Hasîb isminin “şeref ve yücelik sahibi” anlamı üzerinde en çok duran Muhyiddin İbnü’l-Arabî olmuştur. İbnü’l-Arabî, bu ismin “kifayet” anlamına temas ettikten sonra “hasep-nesep” mânası üzerinde durmuş, en büyük şeref ve şanın, bir varlığın başkasından değil kendisinden doğan şeref ve şanı olduğunu söylemiştir. Bundan dolayı soyları ile övünen müşrikler Hz. Peygamber’den rabbinin nesebini anlatmasını istemiş, Cenâb-ı Hak da bunun üzerine İhlâs sûresini indirmiş ve bu sûrede her türlü asâlet, şan ve şerefin anne, baba, evlât ve arkadaş gibi hiçbir dış faktör olmaksızın zâtından dolayı kendisine ait bulunduğunu beyan etmiştir (el-Fütûĥât, IV, 250).

Kuşeyrî, hasîb ismine tam anlamıyla inanan kimsenin kıyamet gününde dünyadaki her davranışından hesaba çekileceğinin şuuruna erdiğini ve bu sebeple o günden önce kendi kendini hesaba çekeceğini söyler. Yine ona göre gerçek anlamda sadece Allah’ın kâfi gelip her şeyden müstağni kılacağına inanan kul ihtiyaçlarını yalnız O’na sunar ve yalnız O’na güvenir (et-Taĥbîr fi’t-teźkîr, s. 61).

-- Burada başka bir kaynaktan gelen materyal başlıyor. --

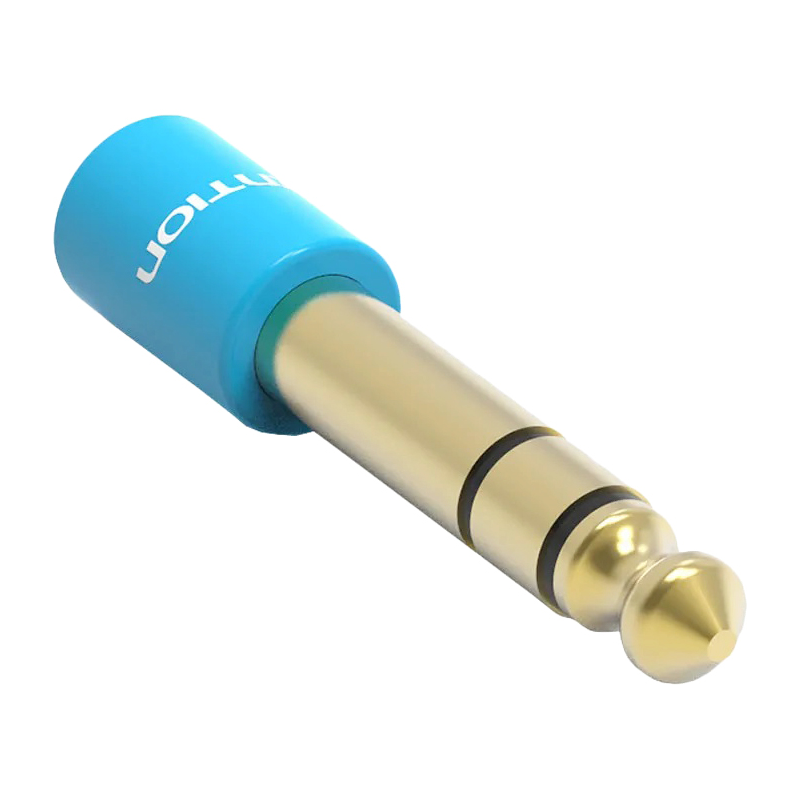 Переходник Vention mini Jack 3.5 mm F/Jack 6.5 mm M (VAB-S01-L)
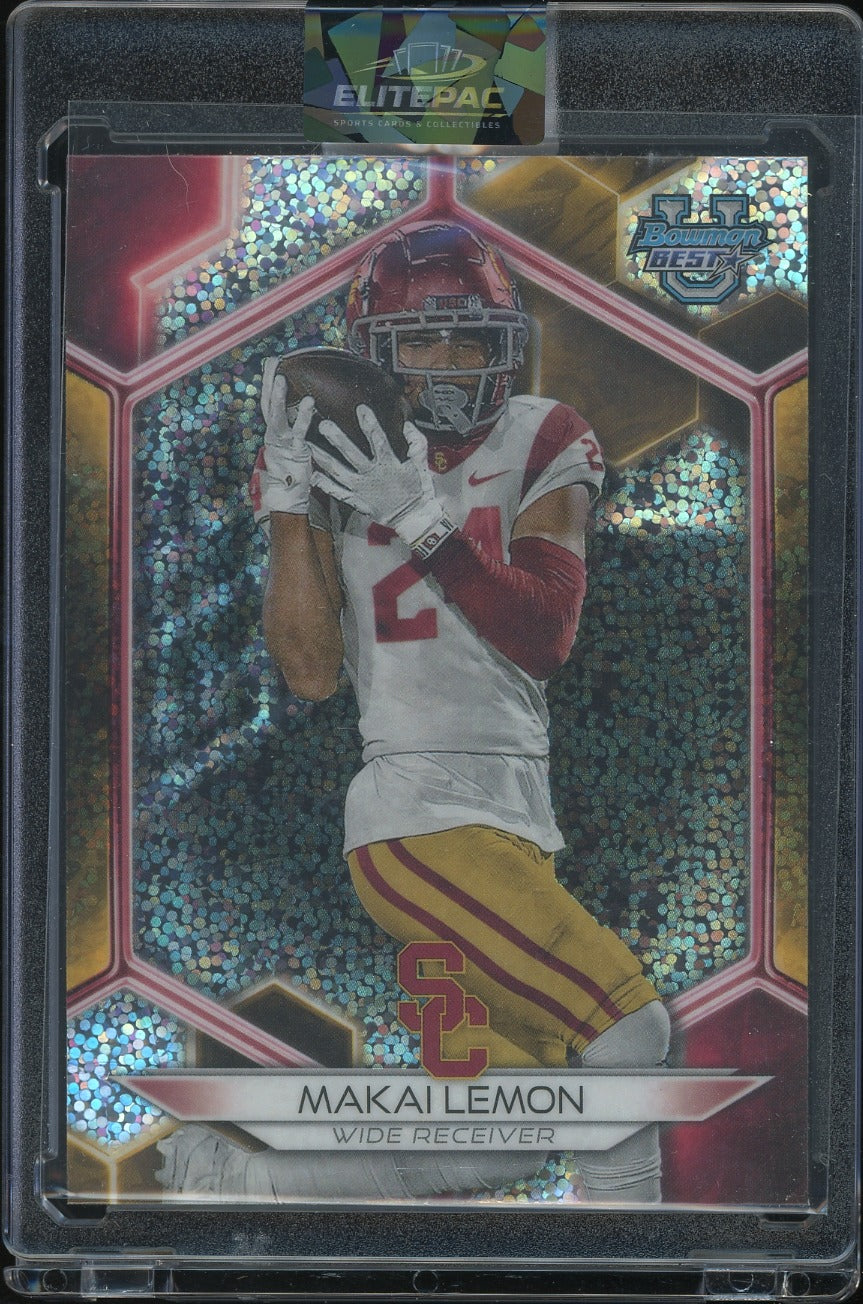 2023 Bowman University Best #41 Makai Lemon Gold Geometric #/50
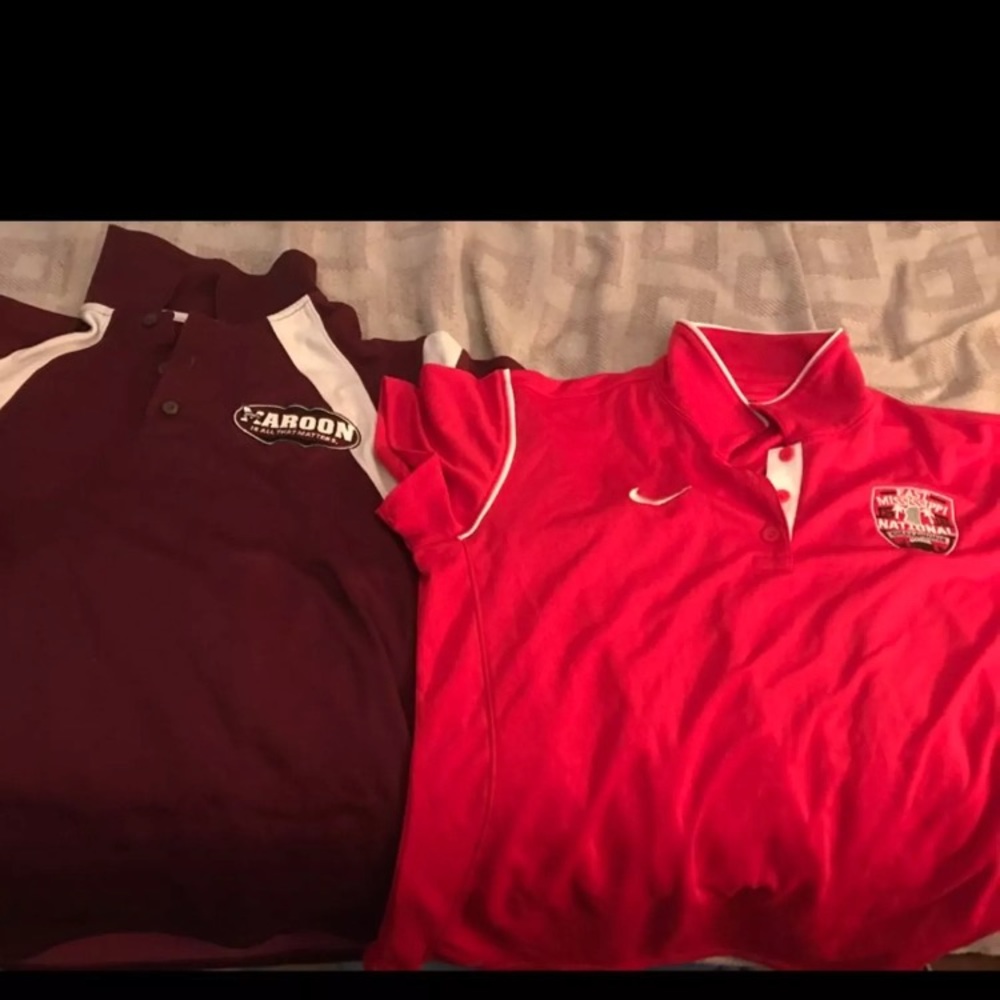 Nike collegiate polos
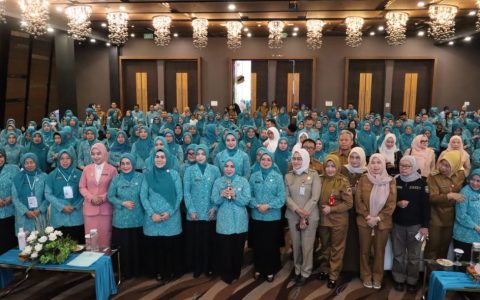 130 Kader PKK se-Kalsel Ikuti Jambore, Fathul Jannah Tekankan Keluarga Berkualitas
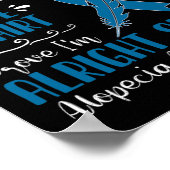 Poster Alopecia Sensibilisation Mon combat (Coin)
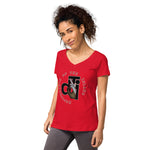 Descendants of the Island STVS Logo Women’s fitted v-neck t-shirt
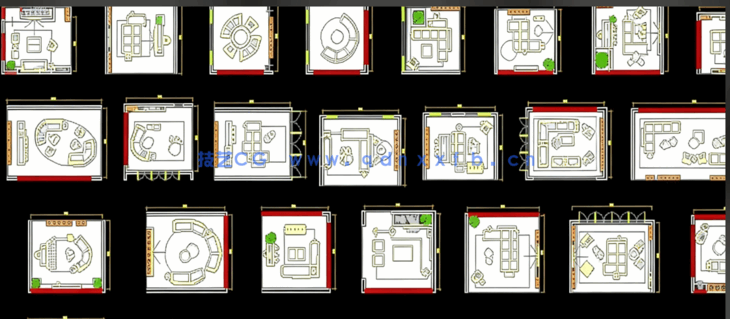 客厅平面布局模块(图2)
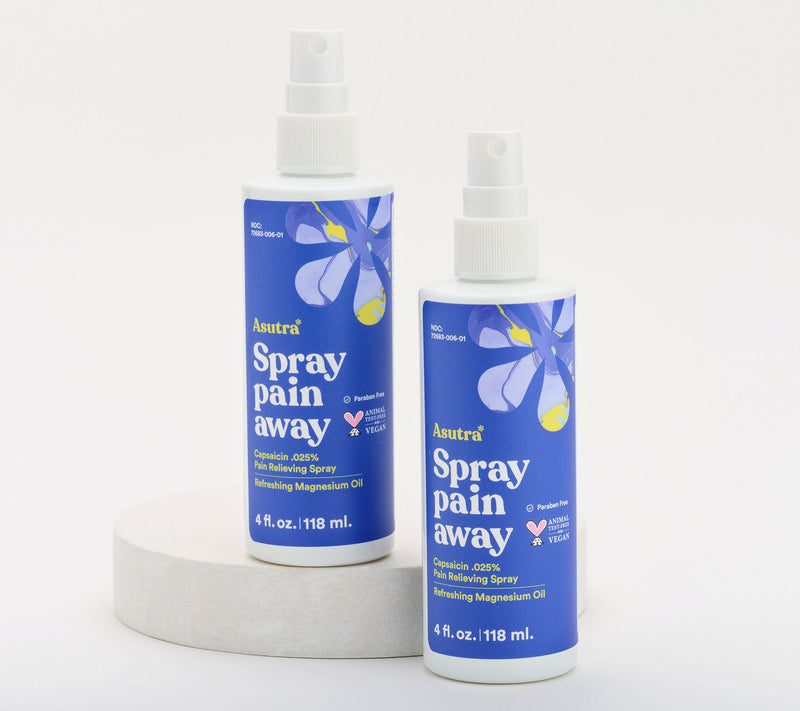 Asutra Set of 2 Spray Pain Away Magnesium Pain Relief Spray — Main view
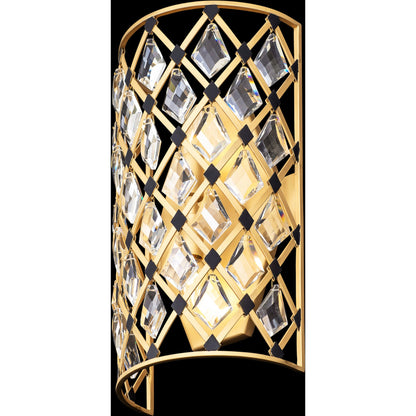 Windsor Crystal Sconce by Varaluz. Made from unique in a modern style.
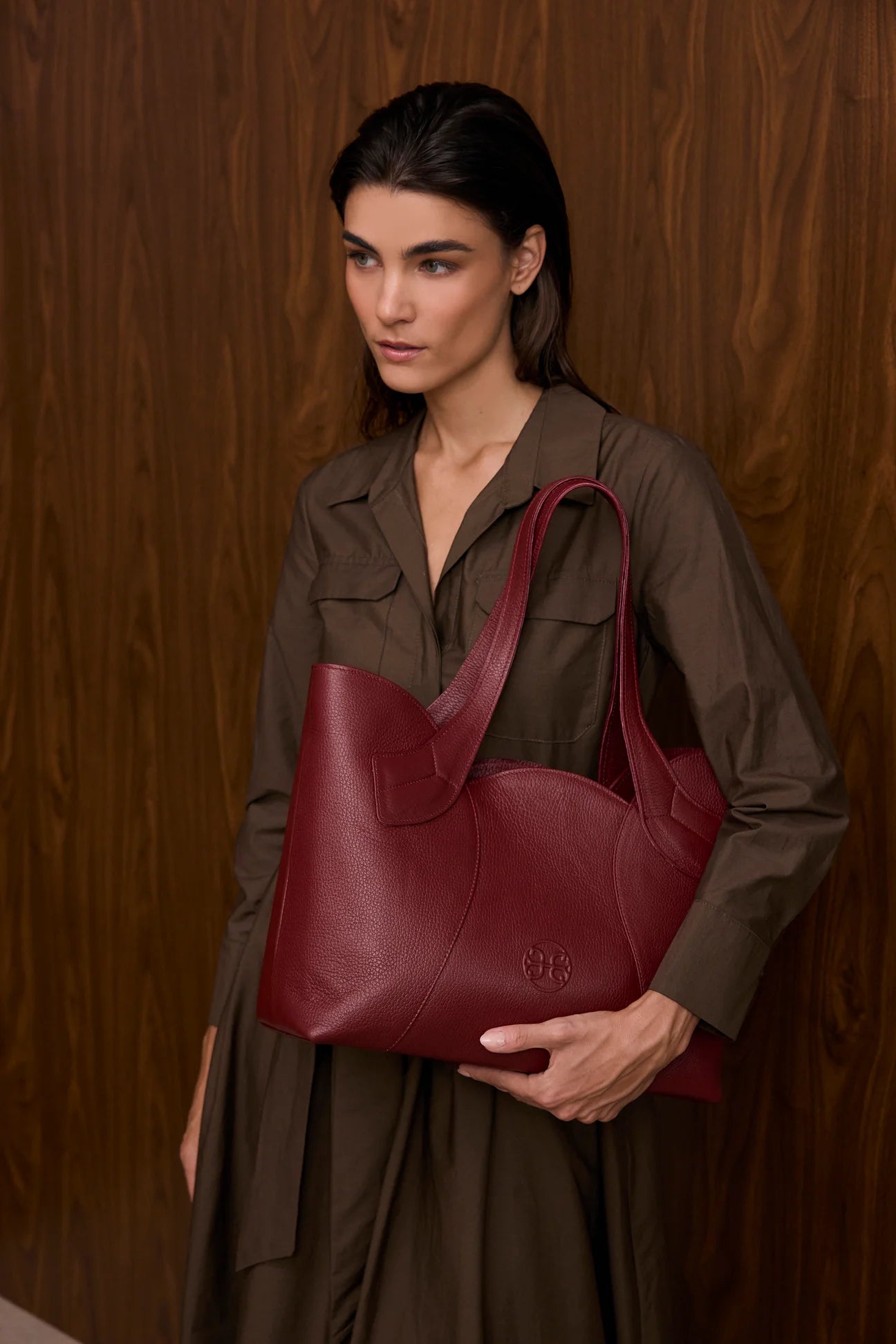 Tulip Tote Bag - Cherry Red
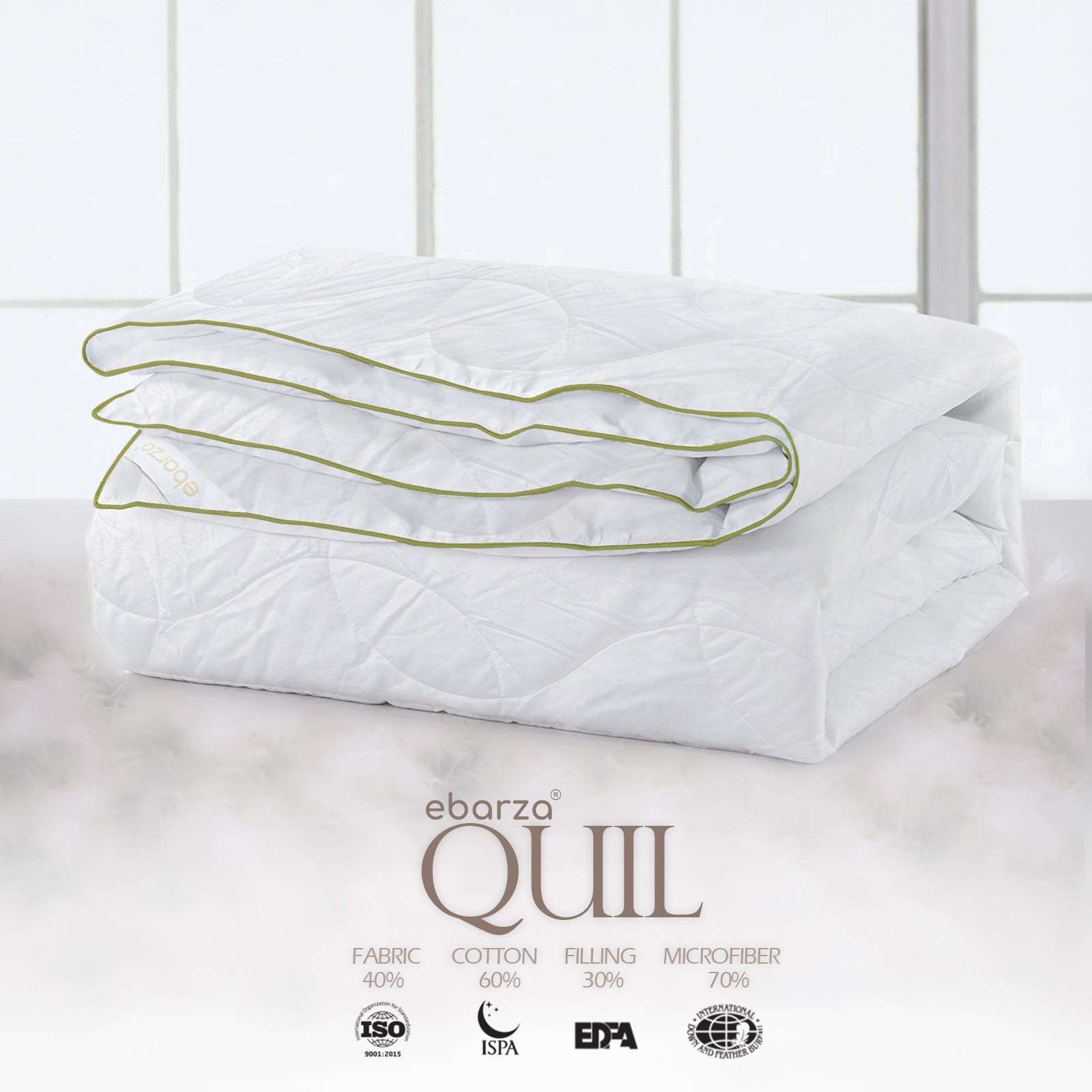 Bamboo Quilt 160X220 Cm 020505050 -  Bedding - ebarza Furniture UAE | Shop Modern Furniture in Abu Dhabi & Dubai - مفروشات ايبازرا في الامارات | تسوق اثاث عصري وديكورات مميزة في دبي وابوظبي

Hasîb, Allah’ın fiilî sıfatları ve insanla ilgili isimleri grubu içinde yer alır. Bazı âlimler, Allah’ın kuluna yetmesi ve onu hesaba çekmesinin ilim sıfatıyla gerçekleşeceğini göz önünde tutarak hasîbi zâtî-sübûtî sıfatlardan ilim içinde mütalaa etmiş (İbnü’l-Arabî, IV, 249), bazıları da O’nun hesap görmesinin, saymaya ve irdelemeye dayanan kulların hesap görmesine benzememesinden, ayrıca içerdiği “şeref ve yücelik sahibi” anlamının aşkın özellik arzetmesinden hareketle hasîbin zâtî-tenzihî sıfat ve isimler grubuna girebileceğini söylemişlerdir (Halîmî, I, 200; Ebû Bekir İbnü’l-Arabî, vr. 43a; Fahreddin er-Râzî, LevâmiǾu’l-beyyinât, s. 275).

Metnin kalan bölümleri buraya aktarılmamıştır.